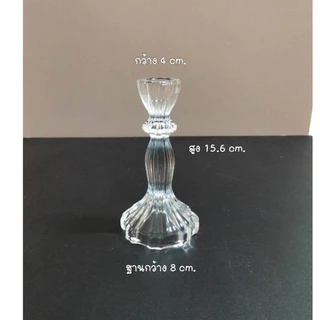 เชิงเทียนแก้วคริสตัล ช่องด้านในใส่เทียนขนาดไม่เกิน 2.3 cm. รุ่น 4092 4266 4267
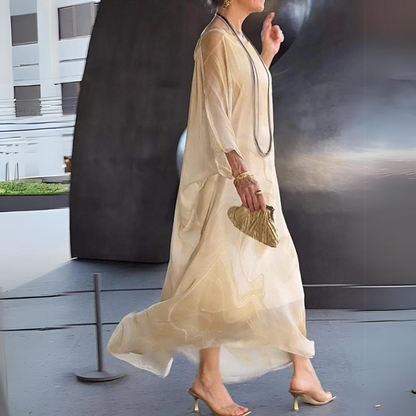 Vera | Chiffon de Seda com Elegância Intemporal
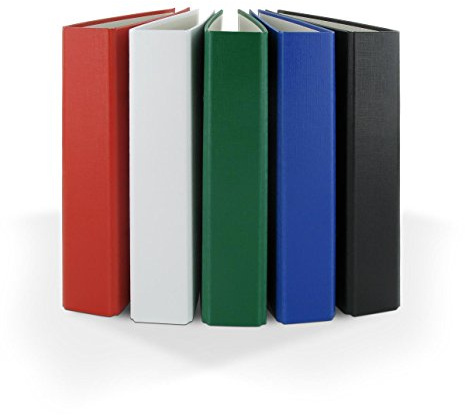 5x Ringbuch / DIN A5 / 4-Ring Ordner / je 1x blau, grün, schwarz, weiß und rot
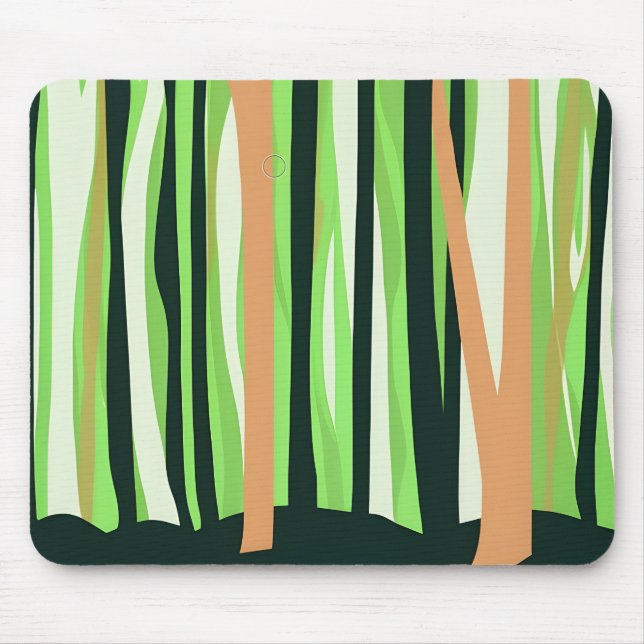 an abstract, stylized image of a forest mouse pad (Front)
—————
§ What the task requires: Please reproduce, exactly and only, the lines from the line containing "Vera | Chiffon" through the last line of the material above, minus any pictures.

§ Output for this exercise:
 Vera | Chiffon de Seda com Elegância Intemporal
 5x Ringbuch / DIN A5 / 4-Ring Ordner / je 1x blau, grün, schwarz, weiß und rot
 an abstract, stylized image of a forest mouse pad (Front)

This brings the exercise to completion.